"That is my limit," he said.

Meanwhile Lady Adela had come to the conclusion that all this was very emotional and undignified.

"Miss Welwyn," she enquired, "what does this mean?"

"I will tell you," said Tilly. "But first of all I must say one thing. I did not try to trap your son, as you seem to think. We fell--we came to care for one another quite naturally. I made no attempt to catch him. I knew nothing whatever about him. It--it just happened." She turned wistfully to Dicky. "Did n't it?" she asked.

Dicky nodded his head gravely.

"It just happened," he said.

"And since we cared for one another--or thought we did"--continued Tilly with a little choke, "it never came into my head that anything else could matter. But last Saturday, when I went to stay at your house, and saw your grand ways and your grand servants, and all the commotion you made about Members of Parliament, and county families, and all that--well, I began to see rocks ahead. I felt common. My courage began to fail. I began to be afraid that you would not take kindly to the Family--"

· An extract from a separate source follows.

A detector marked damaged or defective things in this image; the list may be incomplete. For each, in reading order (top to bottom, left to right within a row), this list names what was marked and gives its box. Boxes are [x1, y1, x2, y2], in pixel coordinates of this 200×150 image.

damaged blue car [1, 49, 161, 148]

"It was n't you that was afraid, dearie," said a respectful voice behind her. "It was the Family."

"I saw, too, Lady Adela," continued Tilly, "that you were against me--dead against me--and that as soon as you got hold of a decent-excuse I should be bundled out of your son's life, like--like an entanglement. That put my back up. I had meant to be perfectly straight and unpretentious with you, but when I saw what you were after, I determined to fight. So I have deceived you."

"We all have," murmured a loyal chorus.